As far as the direct marketing services division, selling is still an option, he said.
On the department stores, he said that last year “began the framework for rebuilding J.C. Penney. Over the next two to five years, my goal is to see the sales growth in the 2 percent range. We’re not looking for 4 or 5, just 2. Let’s get there, so we can get back to 6 to 8 percent profitability.
“We peaked in 1994 at 8 percent. At that time we had $130 in sales per square foot,” he said, adding “decentralizing was the key reason for bad productivity. There’s no way you can market 1,150 different [store] strategies.
“Our central people never knew what was going on in the stores, but the bigger issue for why Penney’s has not done well in the last decade or more, is that when we moved here in 1987, we left most of the merchandising organization behind — 70 percent of senior merchandising executives.”
However, Penney’s did maintain “great lawyers, a great construction team and a great financial team, but didn’t have people who understood merchandising.

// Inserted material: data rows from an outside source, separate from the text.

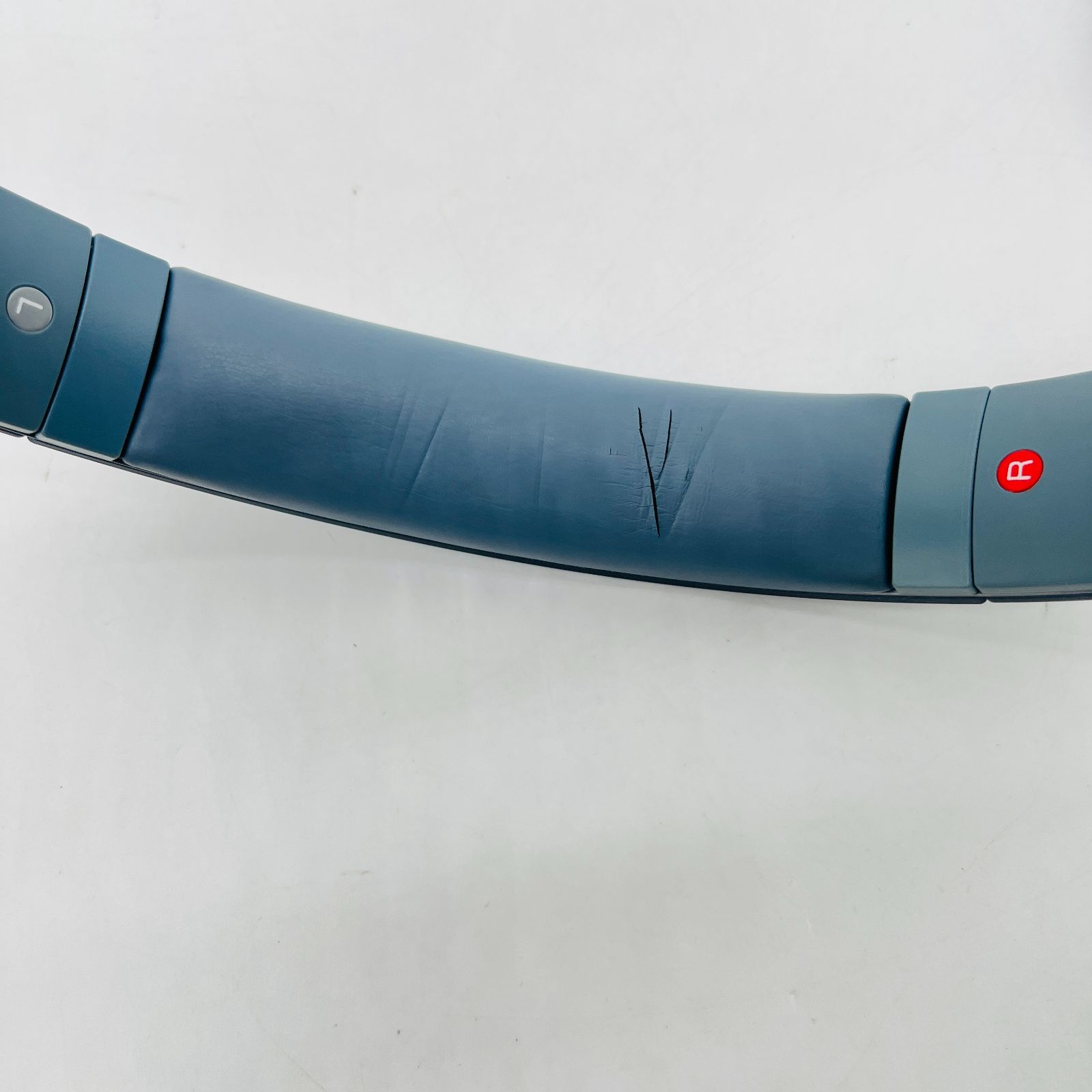 ソニー ヘッドホン h ear on 2 MDR 600 A ハイレゾ対応 密閉型 リモコン マイク付き 2017年モデル 360 Reality Audio認定モデル ムーンリットブルー L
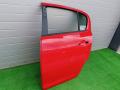 дверь задняя левая Opel Corsa D (2006—2010) 2009, Название двигателя 1.4i Z14XEP, 93189342 - фото №2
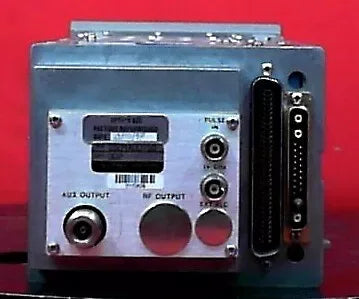 Agilent 83592B Sweep Generator Plug-in - ZYYKZ Test Equipment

“In the fourth quarter, we cut and closed some unproductive stores and cleaned up a lot of inventories. That will be an ongoing process, of narrowing down and we’ve put a renewed focus on expense control. Now we begin a new life as a centralized organization.”
He said Penney’s targets families with household incomes of $30,000 to $80,000, while people in higher income brackets shop Penney’s for basic commodities.
He said Vanessa Castagna, executive vice president and chief operating officer of stores, catalog and Internet has spent much time examining the competition, and that on a quarterly basis, the team visits 20 to 30 stores at a time. “If you don’t do that, you are not being a good retailer.”
Discussing the catalog, he said that it has a sophisticated infrastructure, the business has been flat for five years and that it got too tied to the store marketing effort. “We really need to think of the catalog as a separate entity.”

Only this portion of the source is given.